There was also the too easy credit conditions of the “Roaring Twenties” that weren’t regulated yet, which allowed the American public to borrow and invest in the stock market for the first time. The October 1929 “Black Friday” market crash followed that precipitated the Great Depression.

So we can take our pick: Trump’s too high tariffs, or too little market regulation allowing shadow lending markets (or junk bonds) to flourish outside of regulated lending channels might cause the next downturn.

Trump’s newest Federal Reserve pick, and former chief economic advisor, Stephen Miran, is even sounding the alarm in calling for larger Federal Reserve rate cuts.

“If you keep policy this tight for a long period of time, then you run the risk that monetary policy itself is inducing a recession,” Miran said in a recent interview cited by the NYTimes.

Another danger sign is The Institute for Supply Management’s (ISM) latest report that American manufacturers contracted for the eighth month in a row with no end in sight because of the Trump administration tariffs, reports MarketWatch, which cited several anecdotes in the ISM Manufacturing report.

“Business continues to be severely depressed.
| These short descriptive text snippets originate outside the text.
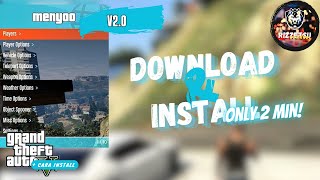 Cara Install Mod Menyoo v20 GTA V [upl. by Eladnyl776]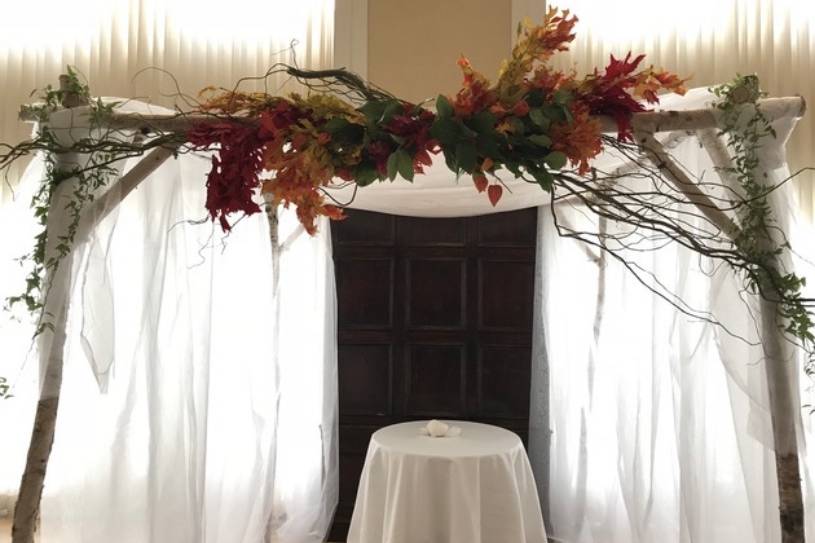 Chuppah decor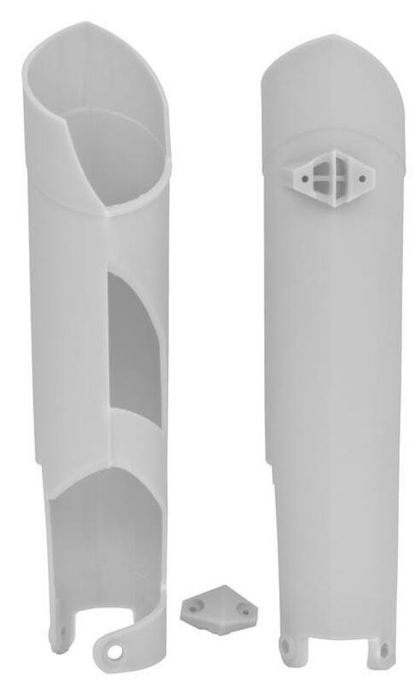 Protections de fourche Racetech blanc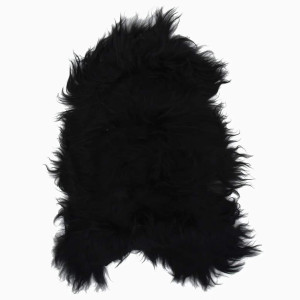 Husă De Scaun Piele De Oaie Islandeză, Negru, 70X110 Cm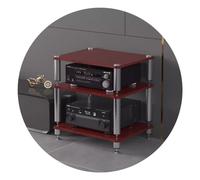Étagère AV - Support multimédia à 3 niveaux, étagère de rangement multifonction en MDF pour amplificateurs, platines, Sky Box et centres de divertissement à domicile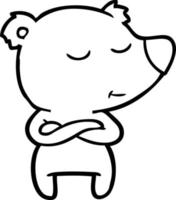 happy cartoon bear vector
Profits are down and extreme taxes (tariffs) are being shouldered by all companies in our space,” said one executive at a maker of transportation equipment.
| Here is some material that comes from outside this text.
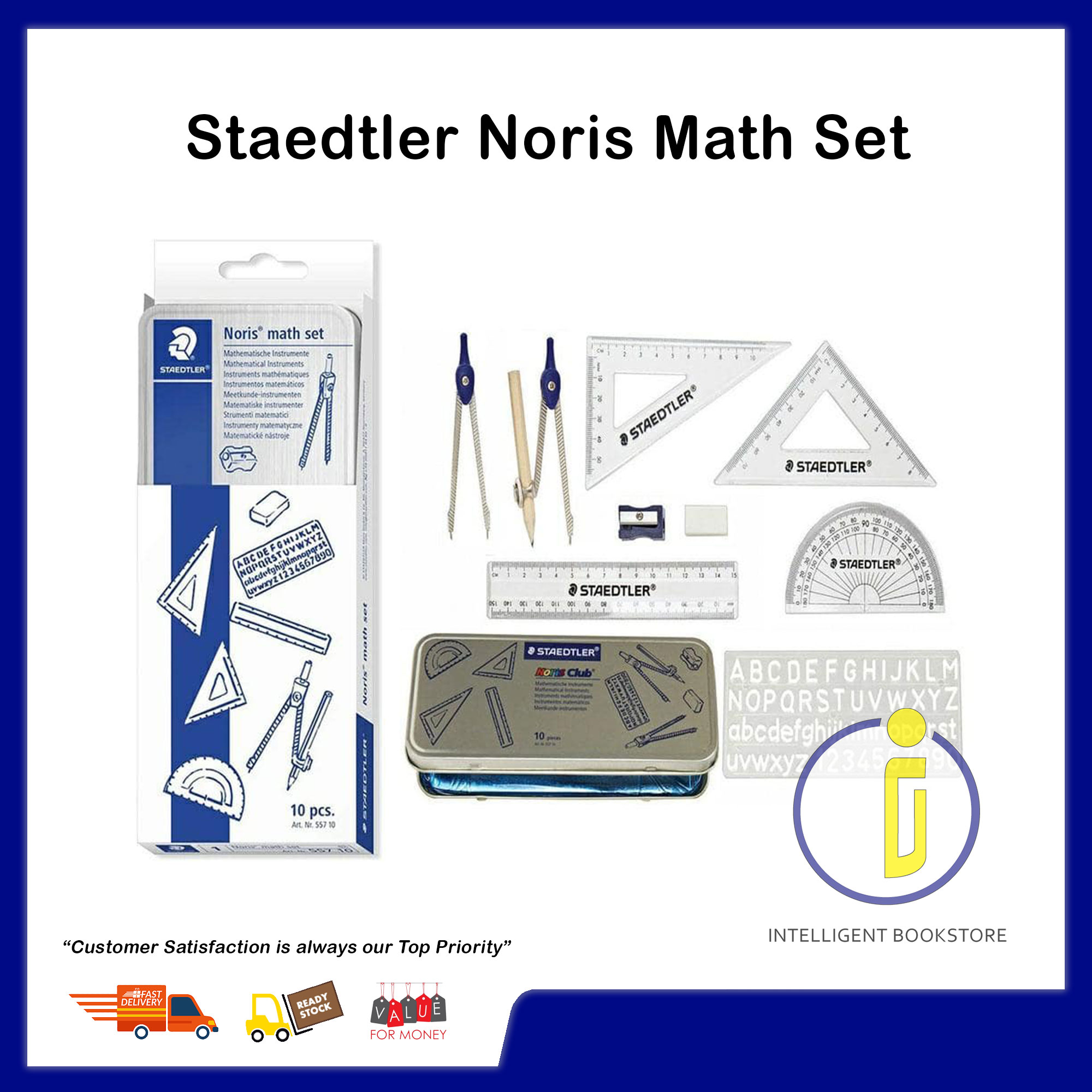 [Intelligent] Staedtler Mathematical Instrument Noris Math Set 55710 ...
“Steel tariffs are killing us,” another manufacturer told ISM.

“The tariffs are still causing issues with imported goods into the U.S.,” an executive at a chemical maker said. “The inflation issues continue.”

The closely followed manufacturing index slipped to 48.7% in October from 49.1% in the prior month, the Institute for Supply Management said Monday. Any number below 50% signals contraction.

I’ve already reported that consumers are feeling less confident in the University of Michigan Sentiment survey.

“Consumers continue to express frustration over the persistence of high prices, with 44% spontaneously mentioning that high prices are eroding their personal finances, the highest reading in a year. Interviews this month highlight the fact that consumers feel pressure both from the prospect of higher inflation as well as the risk of weaker labor markets,said Survey Director Joanne Hsu

The real danger is that we are gleaning all these signs from industry reports outside of the ‘official’ government reports on employment, inflation, and consumer spending just before the holidays.

So, the U.S. economy is flying blind without the usual flight data that tells us where we are headed. Is there a soft landing, or crash landing ahead?